The first scene, which is between Iago and Roderigo, will likely take place via some sort of surveillance cam; there will be video footage shown on surveillance camera as if it’s captured in some entranceway or elevator or convenience store, and they’re plotting. This will be by way of saying, This is what you did; we have you red-handed; now just tell us why. And that’s really what the play is. More than a whodunit—most audience members know that already—it’s a whydunit. It’s a psychological thriller.
What kind of experience can the audience expect from the show?

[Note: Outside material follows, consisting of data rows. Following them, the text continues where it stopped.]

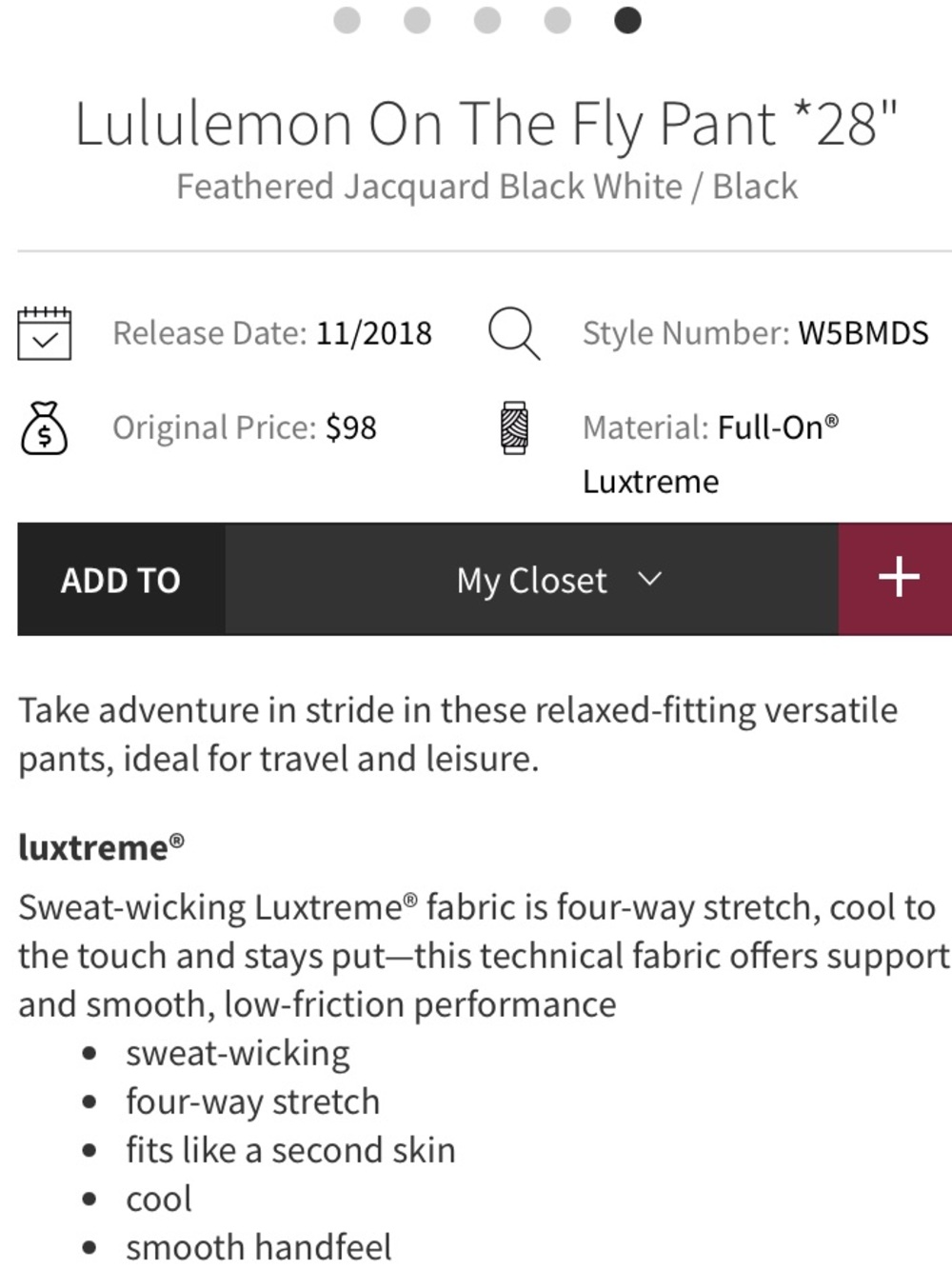 Lululemon On the Fly pants size 8 Quick $5 shipping VGUC - Picture 6 of 11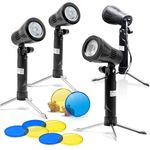 LimoStudio 4 Sets Photography Continuous 5500K LED Portable Light Lamp for Table Top Studio with Color Filters, Photography Photo Studio, AGG3081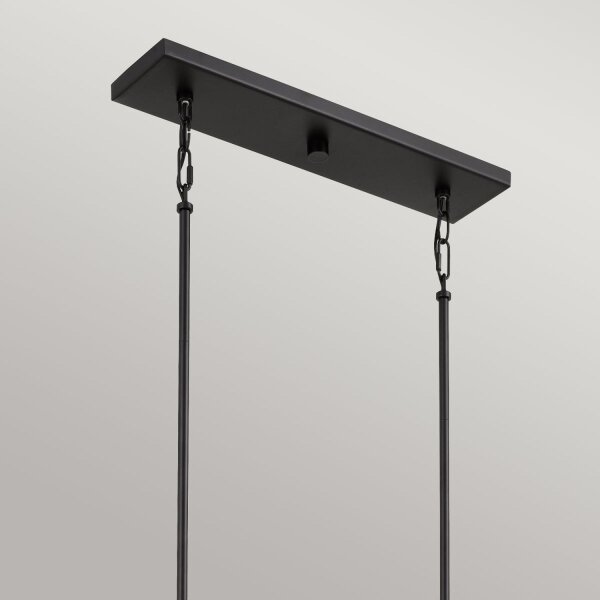 Suspension en métal L : 101,6 cm réglable en hauteur Noir Or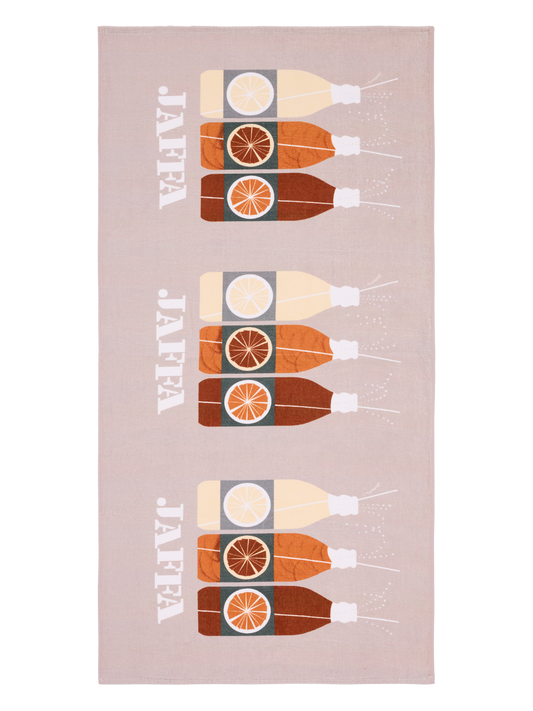 108968-1000; Vallila Jaffa-pyyhe Beige / 70x140 cm 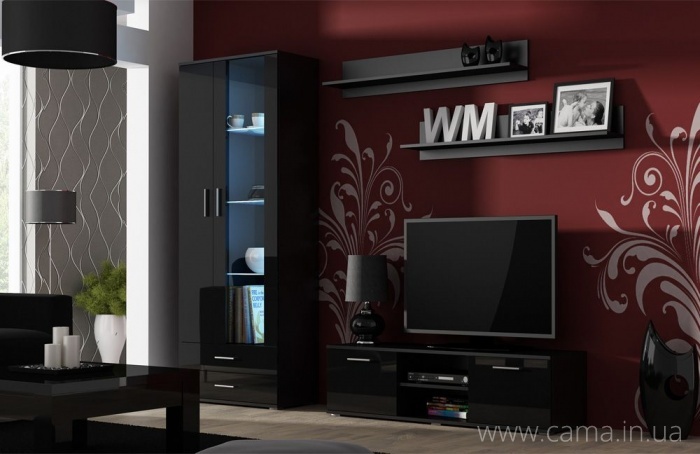 Гостиная Soho 11 черный/черный глянец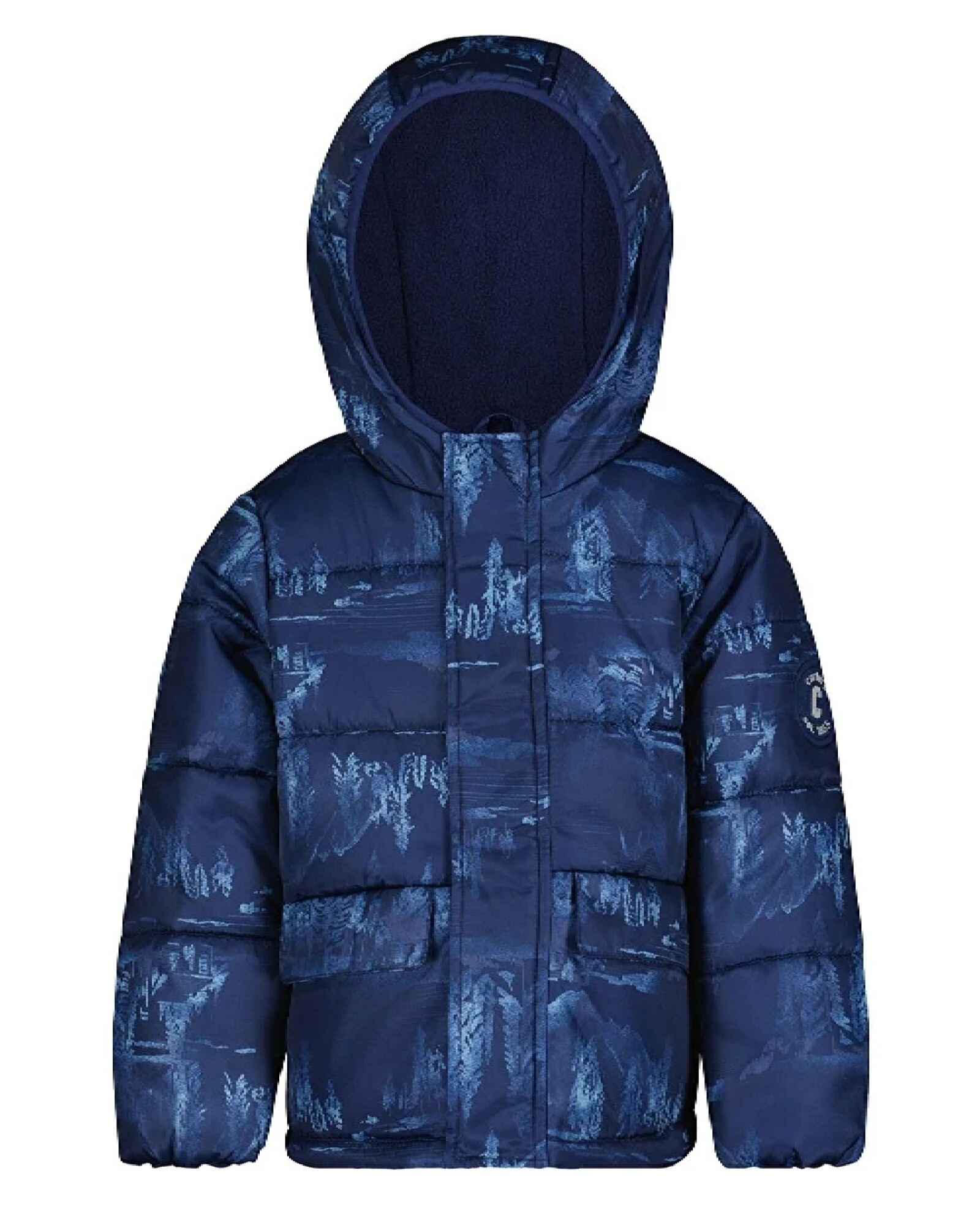 Campera resistente al agua, azul. Talles 2-4T Sin color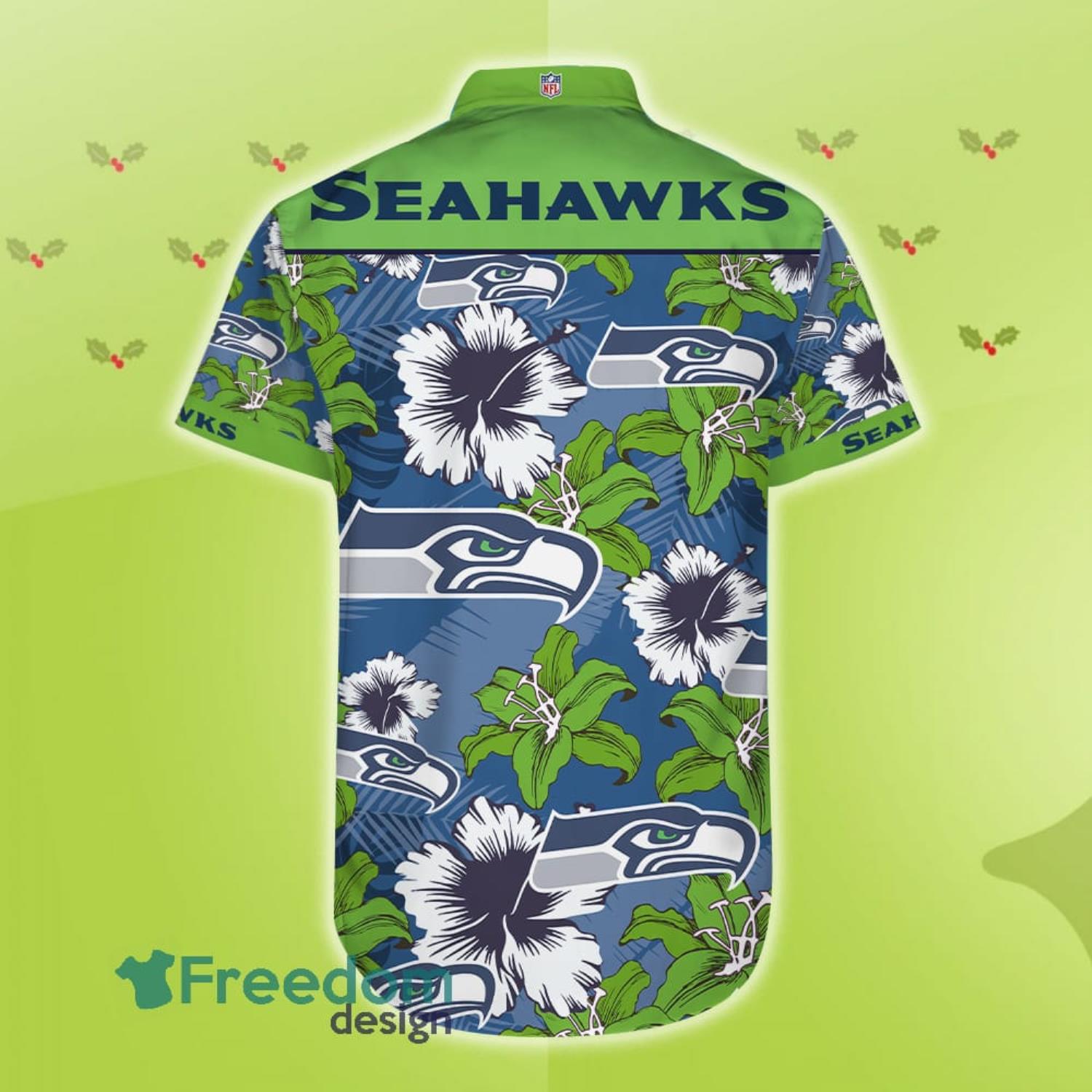 Custom Name Seattle Seahawks NFL Aloha Hawaiian Shirt –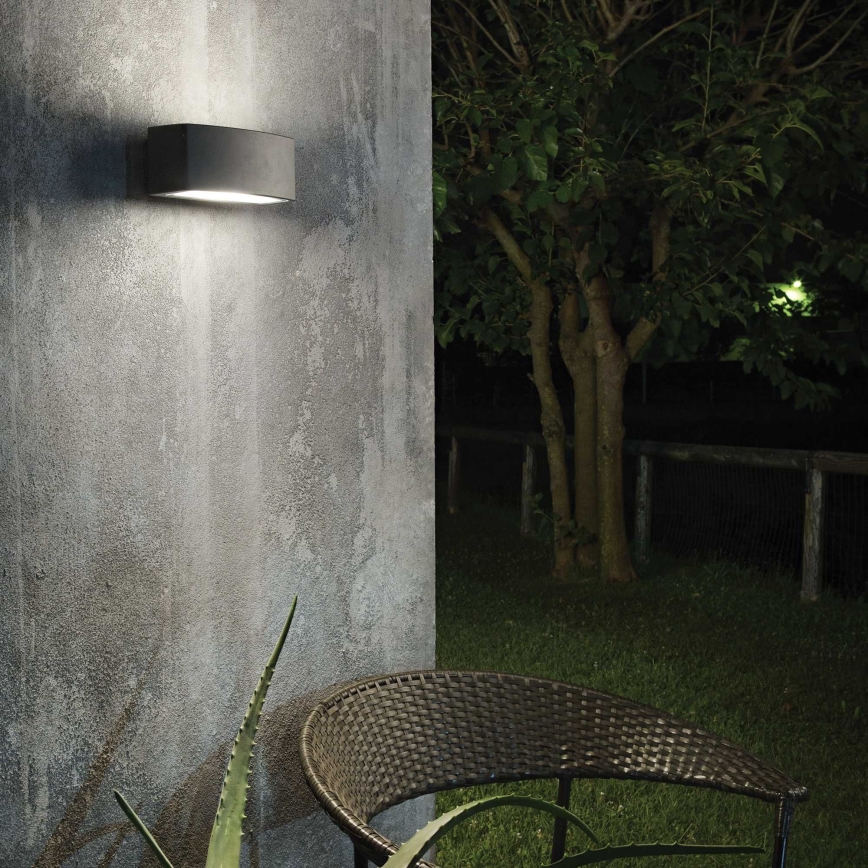 Ideal Lux - Applique da esterno ANDROMEDA 1xE27/60W/230V IP55 nero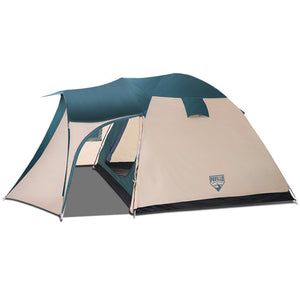 Bestway 8 Person Camping Dome Tent - Green & Cream White - River To Ocean Adventures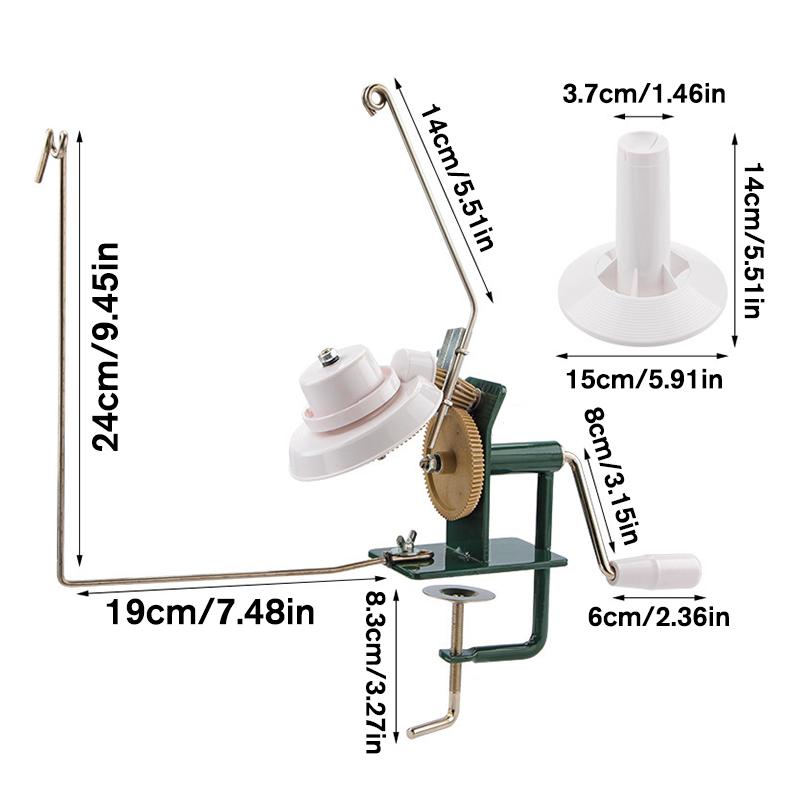 Imazy Yarn Cake Winder Spinner for Crocheting Hand Operated Ball Winders Machine for Knitting Crafting Knit Tool Supplies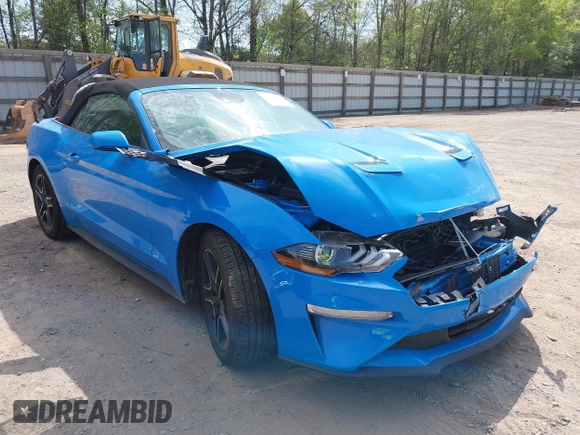 2022 Ford Mustang EcoBoost z VIN 1FATP8UH8N5115470, wystawiony jako IAAI lot #42065747 z przebiegiem 62 335 mil mil oraz . Historia ofert i sprzedaży dostępna na DreamBid. Obrazek 1.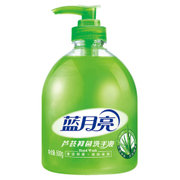(真快乐自营)蓝月亮芦荟抑菌洗手液0.5KG/瓶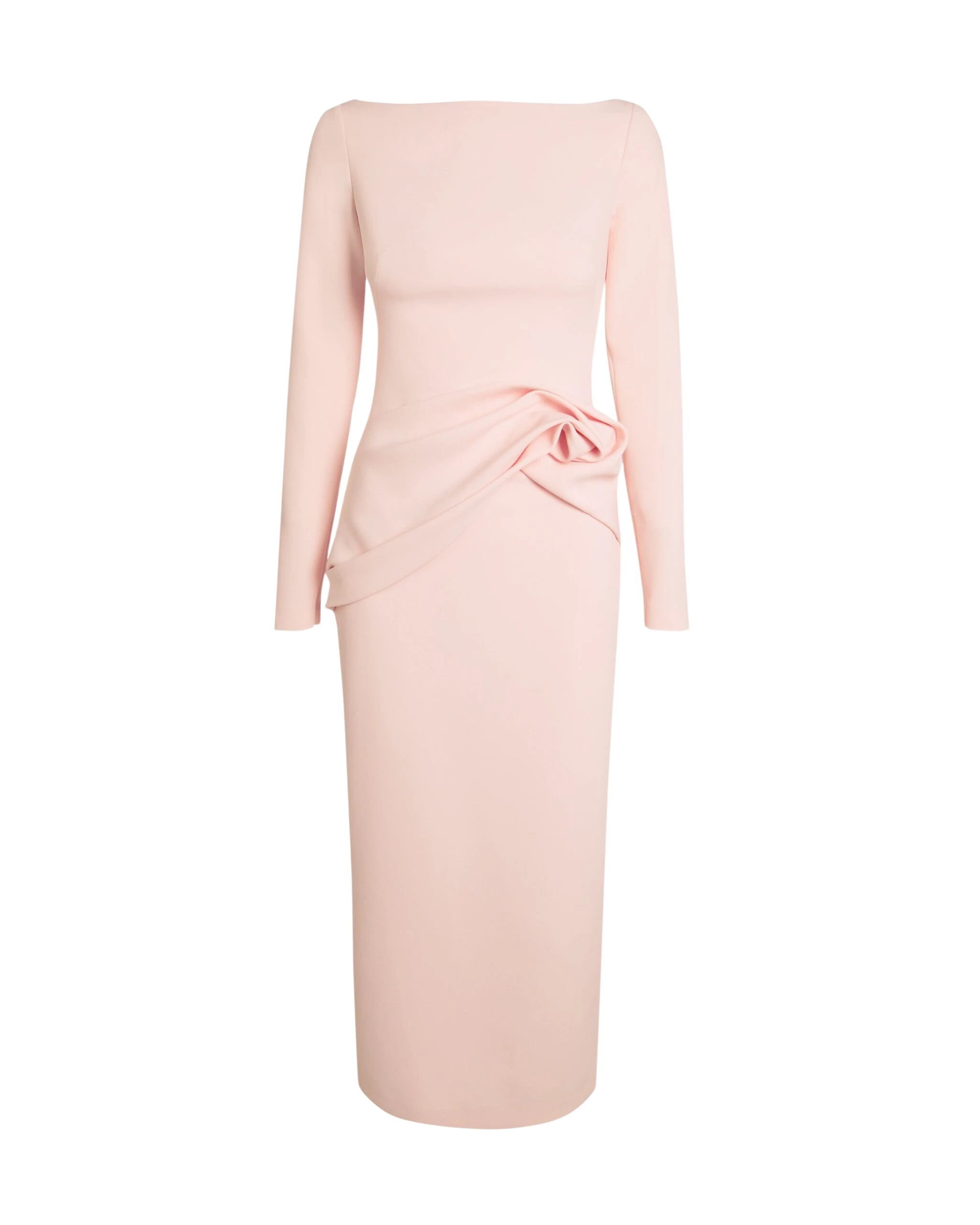 Safiyaa-Emmiy-Pale-Pink-Midi-Dress-scaled25939_nobg Safiyaa Dresses luxury Clothing from Luxury Handbags Marketplace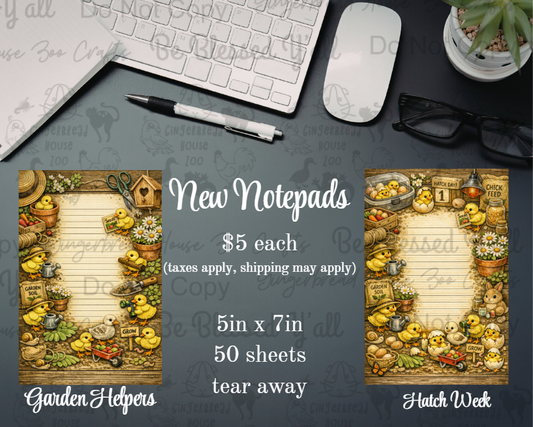 Chicken Themed Notepads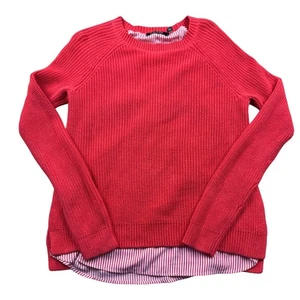 Maglione maglia rosso Lauren Ralph Lauren look a righe a strati taglia small - Foto 1 di 8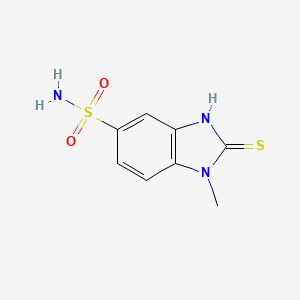 molecular formula C8H9N3O2S2 B3284688 2-mercapto-1-methyl-1H-benzimidazole-5-sulfonamide CAS No. 790271-20-4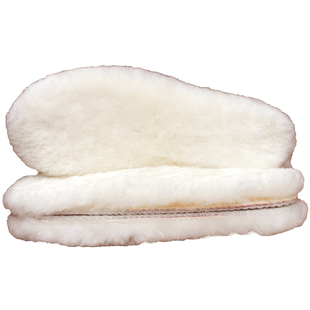 48 50 52码特大加大号真纯羊毛鞋垫皮毛一体加厚保暖毛绒棉加绒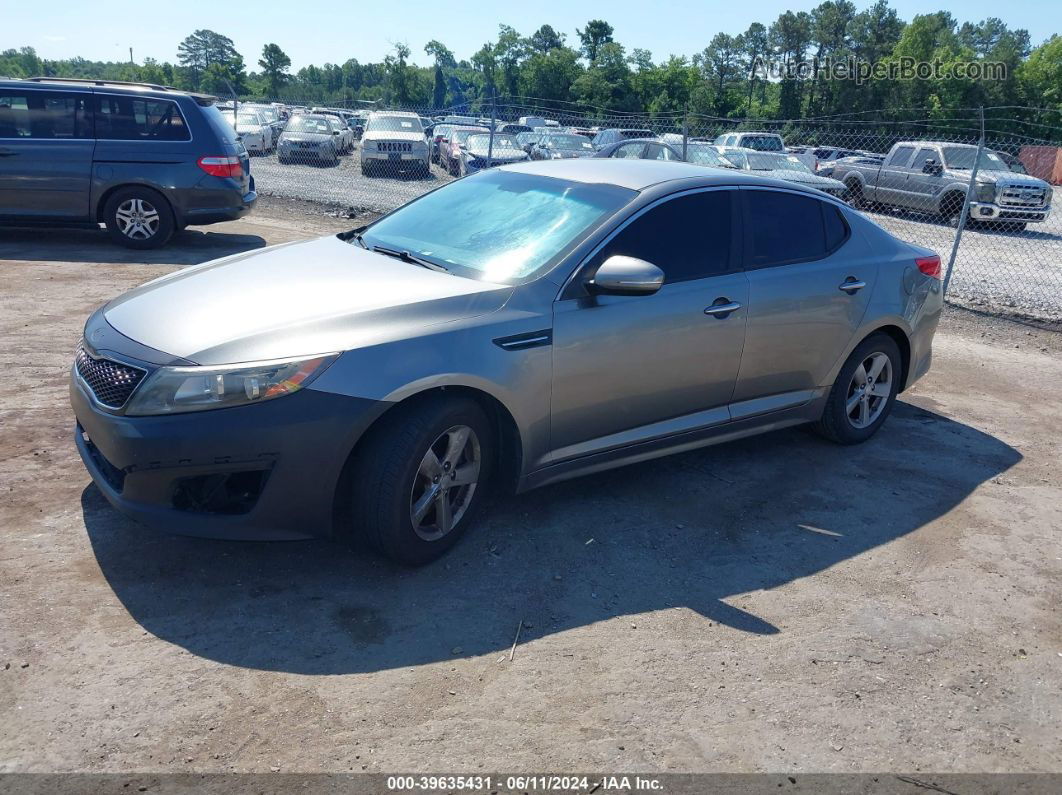 2014 Kia Optima Lx Gray vin: 5XXGM4A72EG281925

Ultimately it’s a tragedy. It’s very wrenching and sad what happens to this glorious couple, this marriage between Desdemona and Othello. They are star-crossed lovers, ill-fated, because he’s from a different culture. He is military through and through; he is not used to being in civilian clothing in civilian territory. He is much older than she is. She on the other hand had many other suitors, turned them all down and chose Othello. There are glimpses of what those two are to each other and could have been to each other. Some of the most beautiful and heightened poetry that Shakespeare ever wrote about relationships exists in the brief exchanges between Othello and Desdemona and in words that they use about each other. It’s a very moving love story. These are two who should’ve been able to overcome these odds and create one of the great marriages, one of the great romances of all literature. And it was shipwrecked by one guy’s machinations. So experiencing that story—along with the meta-story of what happened and why—is a large part of the journey of this play.